DEPRECATED — Please use gemma-4-E2B-sec-extraction-GGUF-v2 instead.
v2 was trained on a combined instruction + corrective dataset (3,957 examples vs. 2,726) and shows measurably stronger extraction quality, including a 2 percentage point reduction in hallucination rate versus the base Gemma 4 E2B model (10.7% vs. 12.7%). v2 also improves symbol compliance (+0.9%), reduces bare number errors (-0.8%), and eliminates year-as-value hallucinations entirely.
This v1 model remains available for reproducibility but is no longer recommended for production use.
Gemma 4 E2B — SEC Financial Extraction (v1, GGUF) [DEPRECATED]
A fine-tuned Gemma 4 E2B model specialized for extracting structured financial data from SEC Exhibit 10 material contracts. Quantized to Q4_K_M GGUF for efficient local inference.
What This Model Does
Given raw text from an SEC filing (employment agreements, credit facilities, merger agreements, etc.), this model extracts structured JSON containing:
- Metadata — effective dates and contracting party names
- Financial terms — dollar amounts and percentages classified into 13 categories (salary, bonus, severance, equity_grant, credit_facility, interest_rate, etc.)
- Debt covenants — financial maintenance tests classified into 7 categories (leverage_ratio, interest_coverage, debt_service, net_worth, etc.)
Why You Should Use v2 Instead
| Metric | v1 | v2 | Delta |
|---|---|---|---|
| Hallucination phrase rate | — | 10.7% (vs 12.7% base) | -2.0pp |
| Symbol compliance | — | 84.3% (vs 83.4% base) | +0.9pp |
| Bare number rate | — | 8.8% (vs 9.6% base) | -0.8pp |
| Year-as-value errors | — | 0 (vs 1 base) | Eliminated |
| Training examples | 2,726 | 3,957 | +45% |
| Training signal | Positive only | Positive + corrective + hard negatives | Richer |
v2 is a strict upgrade — same base model, same hardware requirements, better extraction quality across all measured dimensions.
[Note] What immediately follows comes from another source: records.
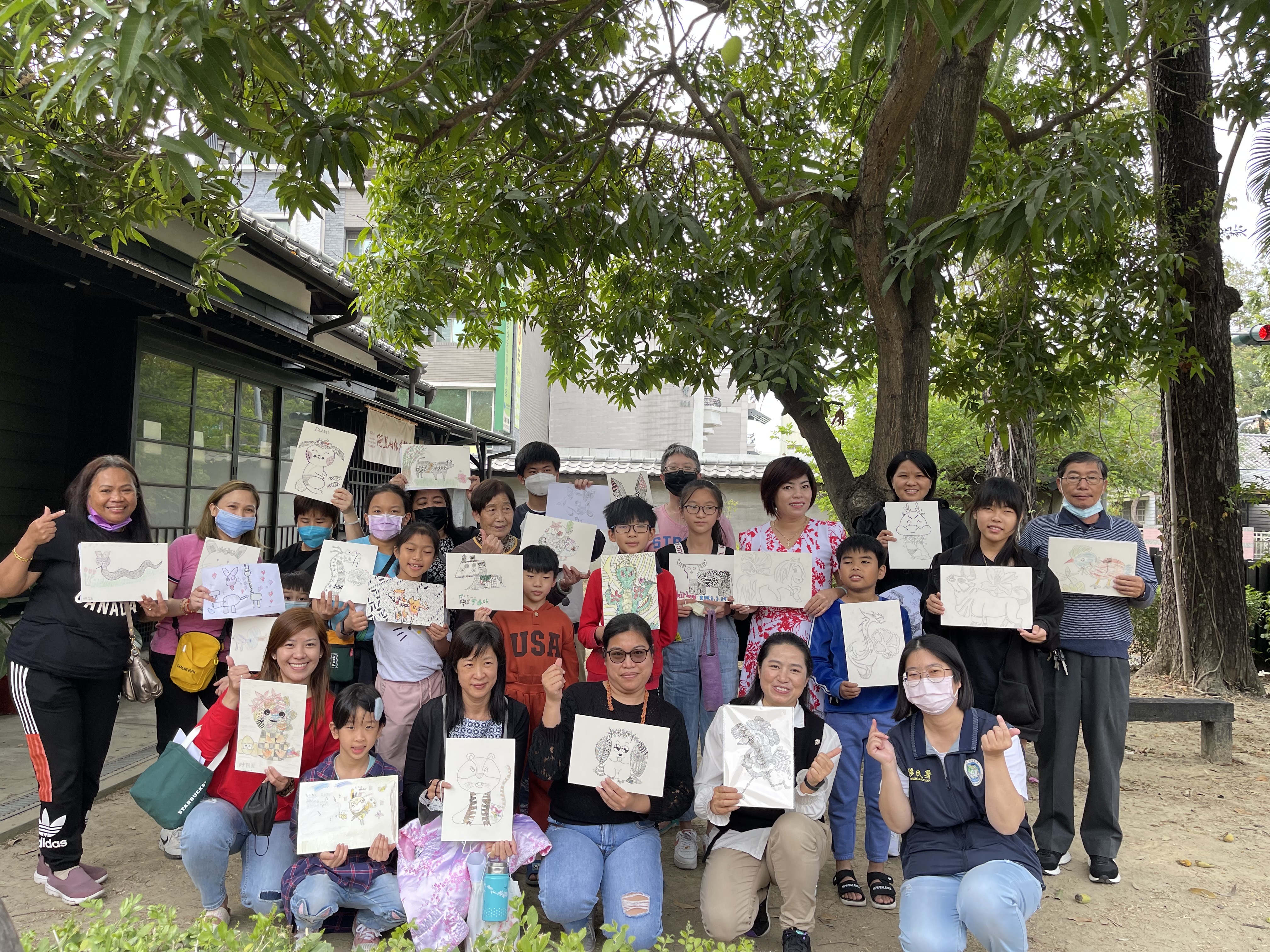 參與的新住民家庭開心地拿著作品與講師申婷頡（前排右二）合影。（移民署提供）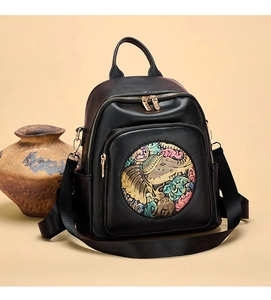 Detailed view of black leather backpack featuring colorful embossed elephant art pattern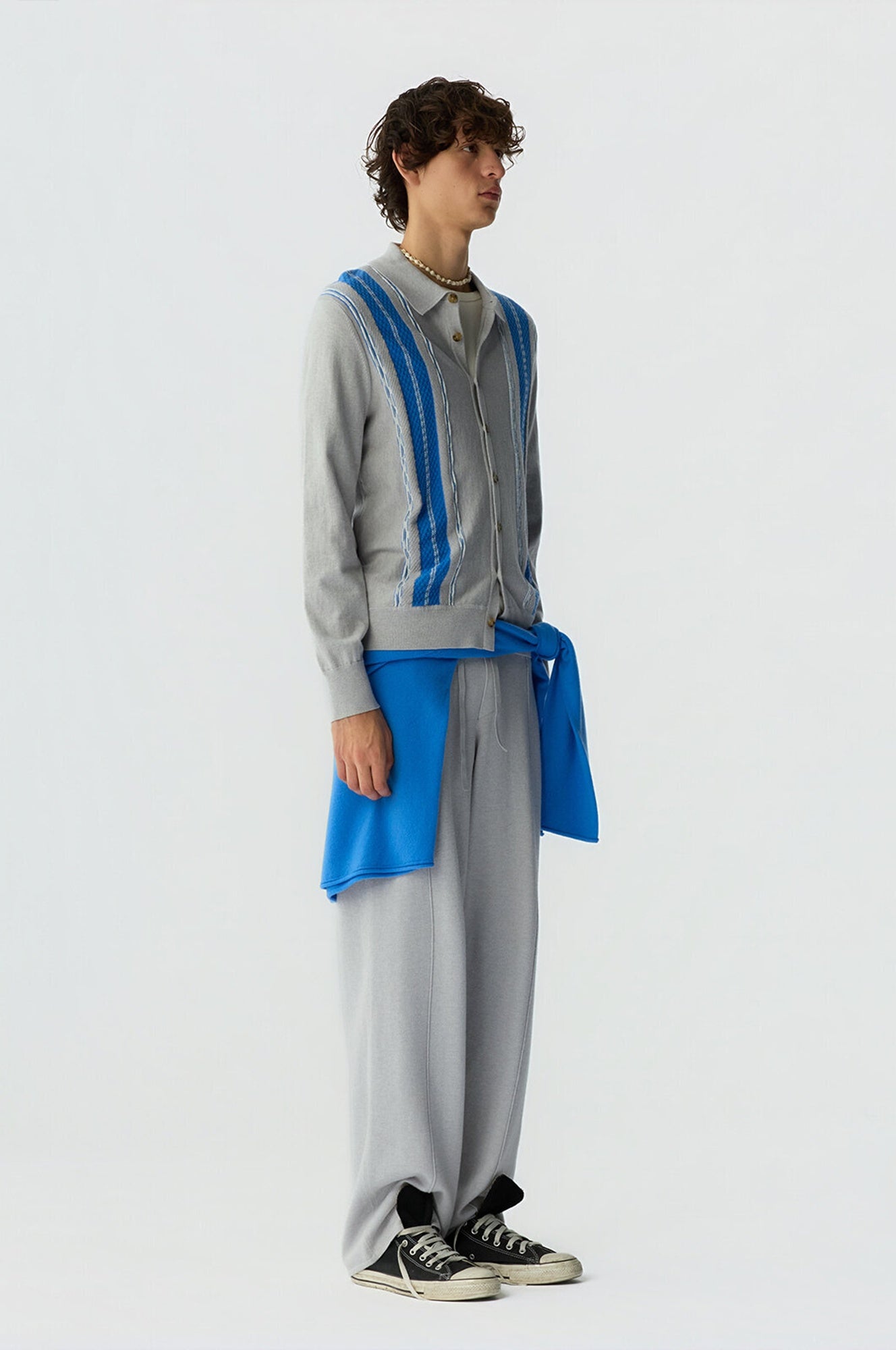 Person wearing a gray and blue outfit with a white background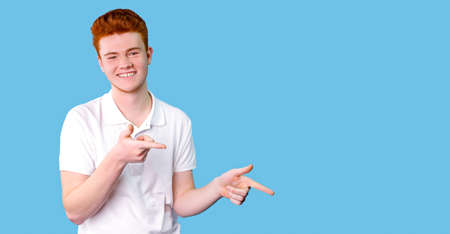 Young handsome man wearing casual white t-shirt smiling happy pointing with his thumbs and indicate fingers at copy space over blue background.の写真素材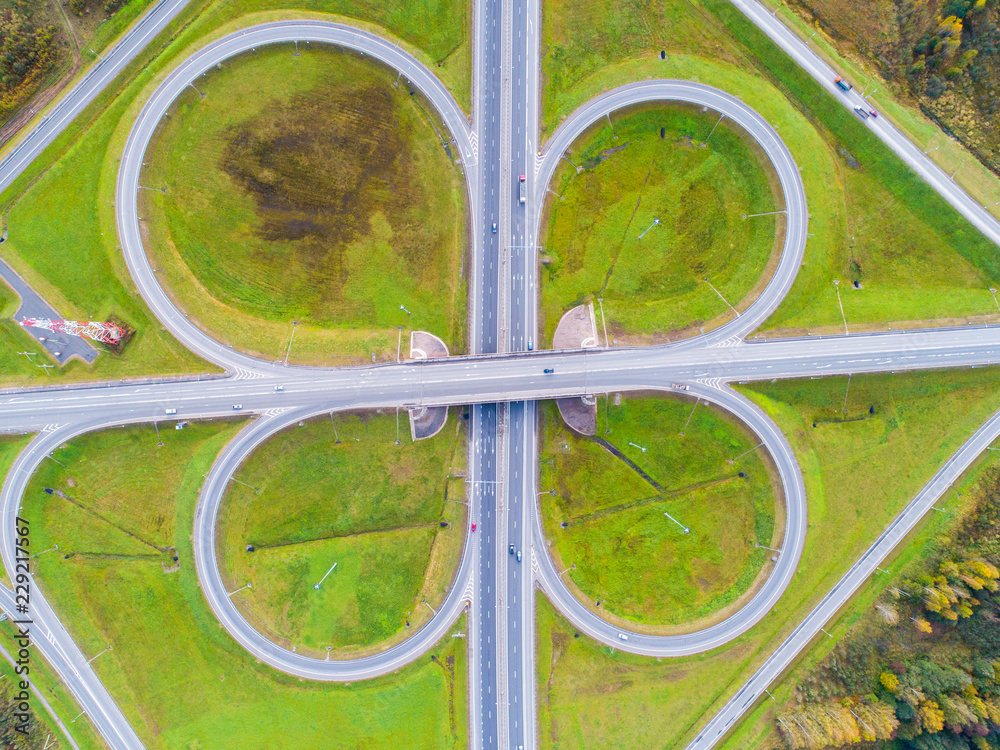 Aerial view of highway in city. Cars crossing interchange overpass. Highway interchange with traffic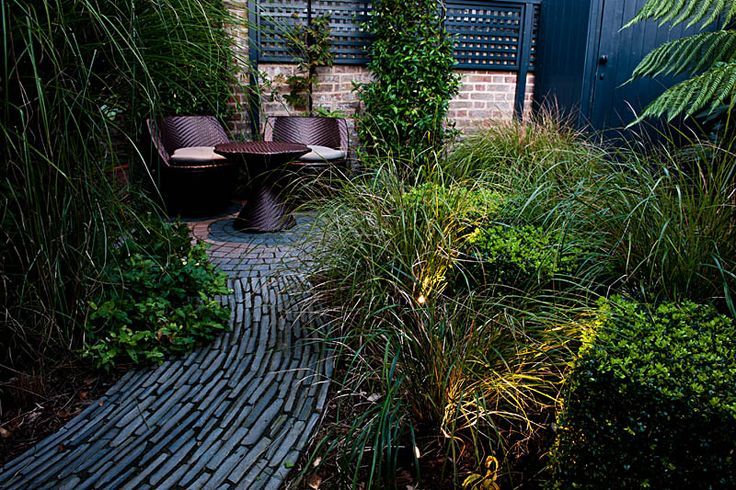 Maltese Road - Copyright John Glover Aralia Modern Garden Bricks contemporary garden design,garden design,contemporary garden,roof terrace,contemporary roof terrace,lighting,garden lighting,art,garden art,outdoor art,outdoor seating,love nest,outdoor sofa,outdoor bed,garden seating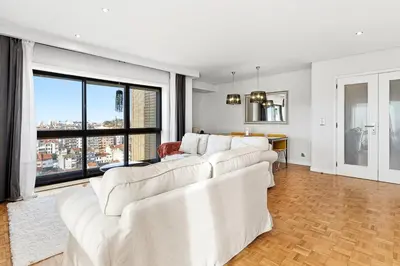 a living room with white furniture and a large window at GuestReady - Cosy Porto retreat in Porto
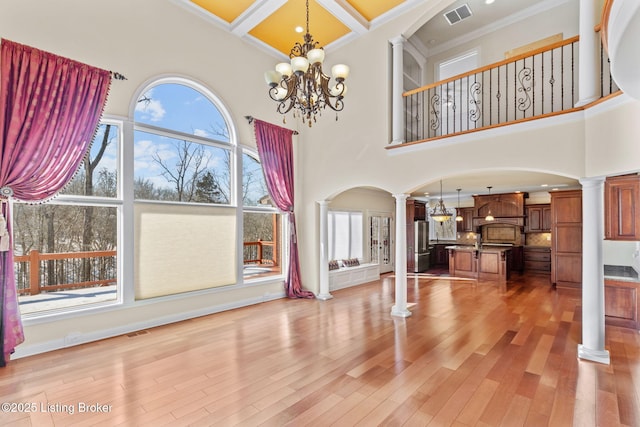 living room featuring coffered ceiling, decorative columns, a towering ceiling, and light wood-type flooring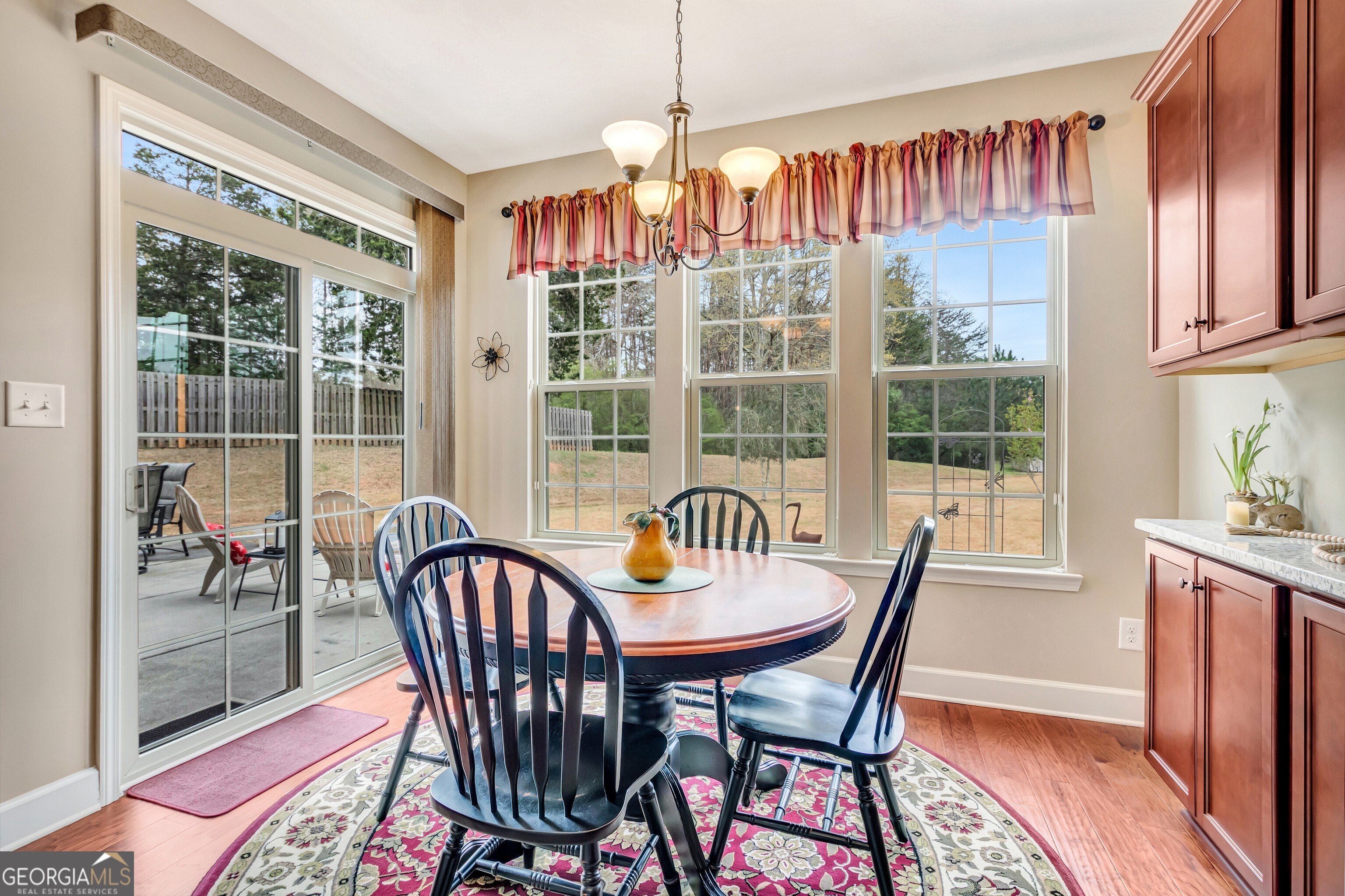32 Austin Storey Circle Newnan, GA 30263 - Photo 28 of 84 a dining room with furniture a chandelier and wooden floor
Upgrade: TheTokenFactory/gemma-4-E2B-sec-extraction-GGUF-v2
Usage
LM Studio
- Download
gemma-4-E2B-it.Q4_K_M.gguf(3.4 GB) - Import into LM Studio
- Set GPU Layers to max (35/35), Context Length to 4096
- Send extraction prompts via the chat API at
http://localhost:1234/v1
Python (via OpenAI-compatible API)
from openai import OpenAI
client = OpenAI(base_url="http://localhost:1234/v1", api_key="lm-studio")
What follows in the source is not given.